» **Work required**
Starting with the line that contains "Shimmer Embroidery Oversize Tee", copy each line exactly through the end of the listing, and omit all pictures.

» **Information provided**
* * * * * * *

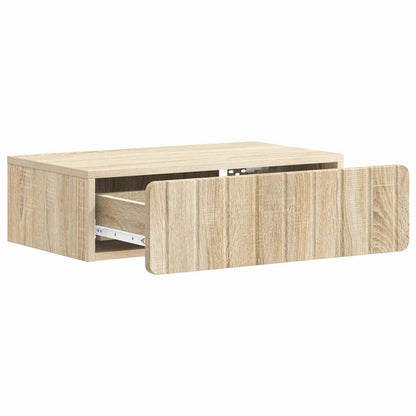 Tavolino da Parete Laterale Rovere Sonoma 59 x 34,5 x 17 cm | homemem39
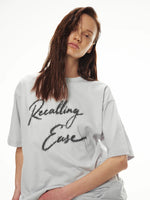 Shimmer Embroidery Oversize Tee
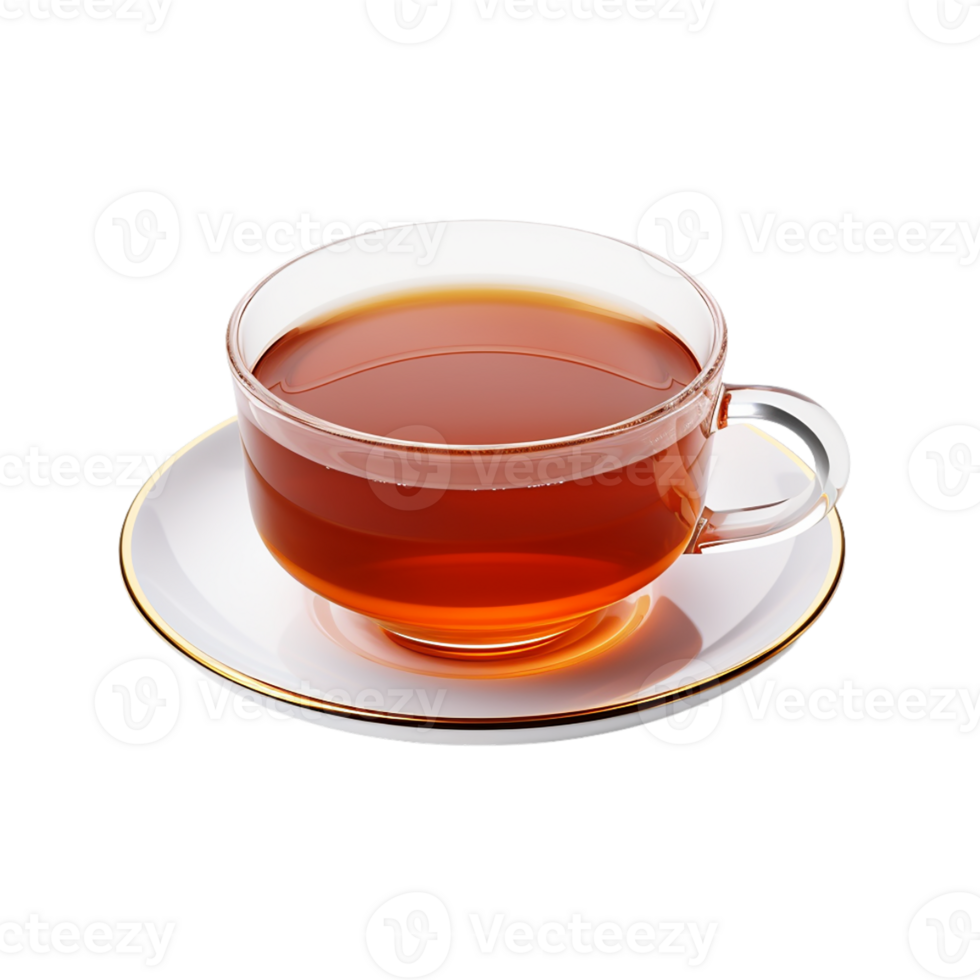 AI generated Cup of Hot Tea on transparent background PNG image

* * * * * * *

» **Expected answer**
 Shimmer Embroidery Oversize Tee
 AI generated Cup of Hot Tea on transparent background PNG image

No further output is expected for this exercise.